▶ Description of the task
Output range, inclusive: from the line containing "Damen Blumenmaxikleid mit" to the line containing "No Pain No Gain". Restate those lines from the data below word for word and only those.

╭─ Information provided

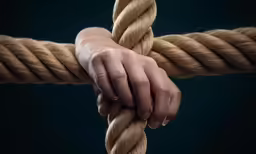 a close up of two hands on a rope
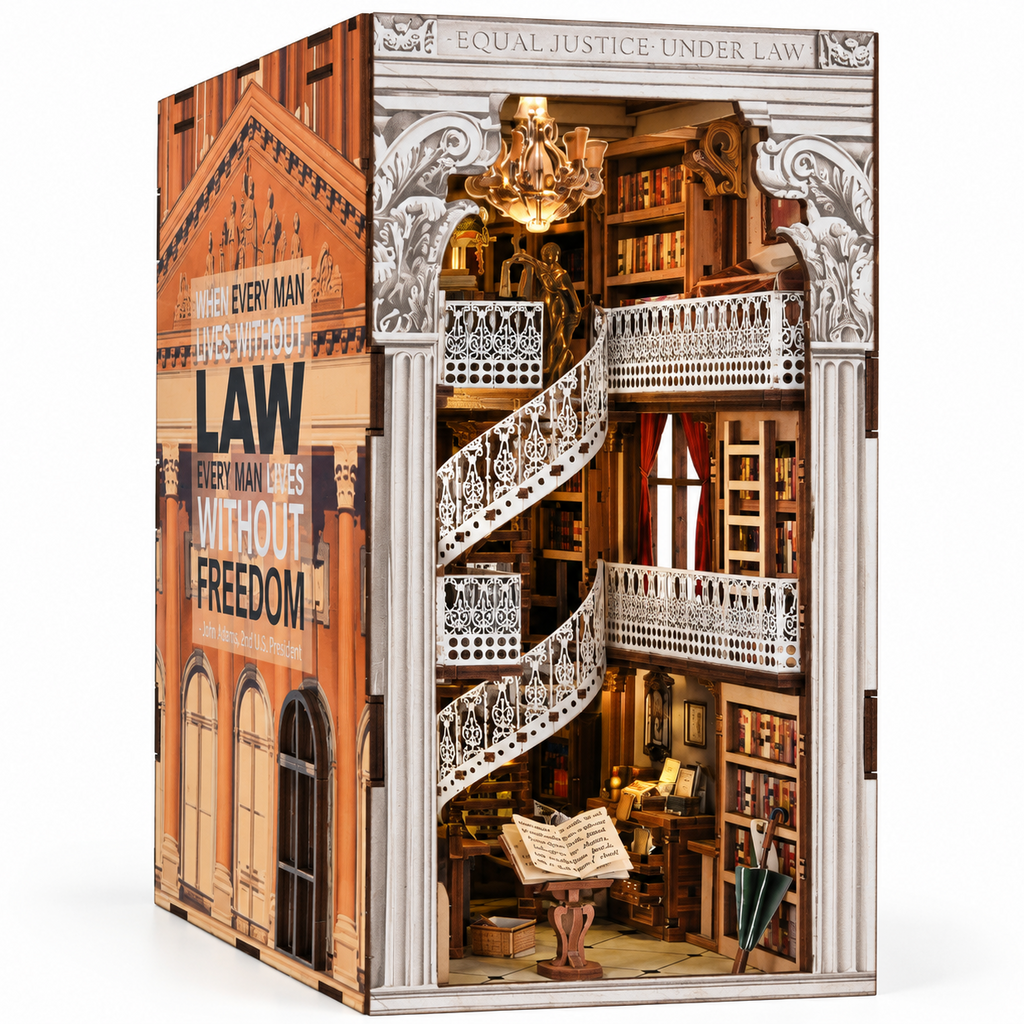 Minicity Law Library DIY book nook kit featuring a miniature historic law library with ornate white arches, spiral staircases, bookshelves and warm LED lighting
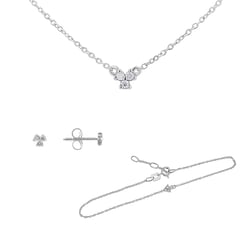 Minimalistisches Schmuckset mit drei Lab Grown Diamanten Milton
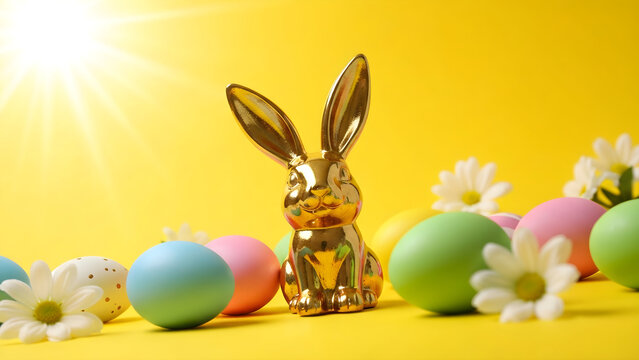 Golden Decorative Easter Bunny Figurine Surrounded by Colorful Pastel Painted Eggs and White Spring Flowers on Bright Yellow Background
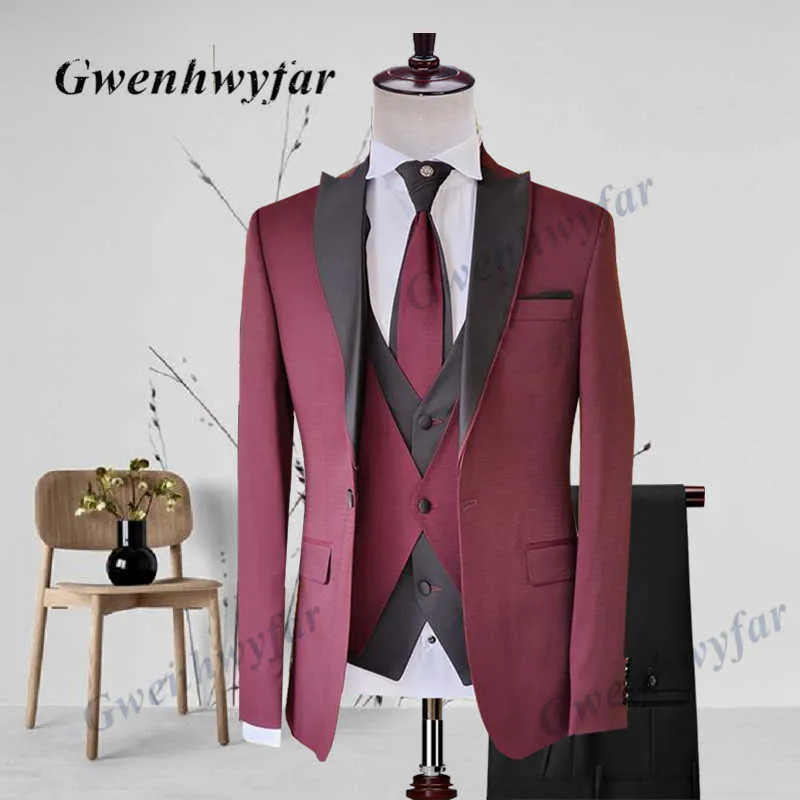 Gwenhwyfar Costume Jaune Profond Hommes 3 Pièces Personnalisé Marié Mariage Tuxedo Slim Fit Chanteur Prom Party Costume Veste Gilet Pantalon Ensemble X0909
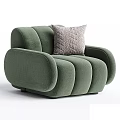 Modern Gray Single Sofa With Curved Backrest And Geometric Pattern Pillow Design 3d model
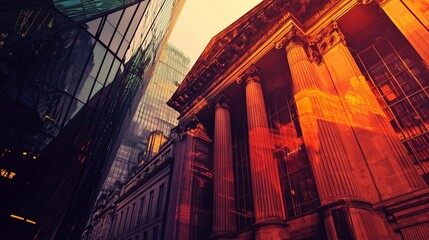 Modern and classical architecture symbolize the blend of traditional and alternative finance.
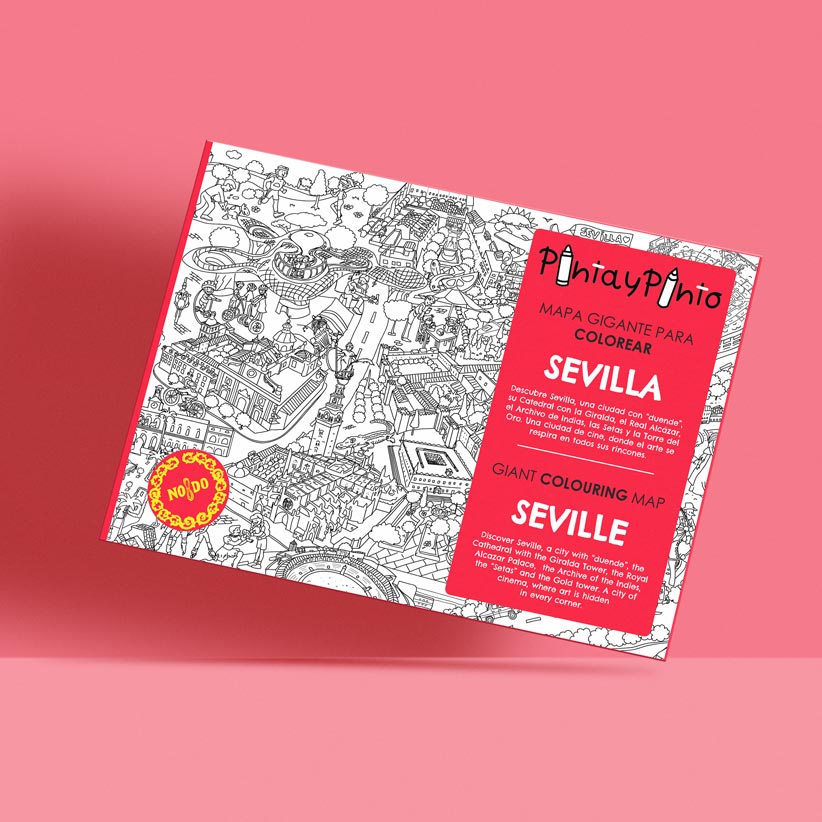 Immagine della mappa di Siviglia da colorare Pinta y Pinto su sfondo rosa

╰─
╭─ Information provided

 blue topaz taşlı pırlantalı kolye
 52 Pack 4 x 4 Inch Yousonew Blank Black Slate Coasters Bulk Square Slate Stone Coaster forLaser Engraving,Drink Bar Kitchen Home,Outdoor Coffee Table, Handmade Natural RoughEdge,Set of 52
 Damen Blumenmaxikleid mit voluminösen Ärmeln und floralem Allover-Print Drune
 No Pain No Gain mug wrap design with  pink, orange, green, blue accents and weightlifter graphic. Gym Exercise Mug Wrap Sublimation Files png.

╰─

▶ Answer area
 Damen Blumenmaxikleid mit voluminösen Ärmeln und floralem Allover-Print Drune
 No Pain No Gain mug wrap design with  pink, orange, green, blue accents and weightlifter graphic. Gym Exercise Mug Wrap Sublimation Files png.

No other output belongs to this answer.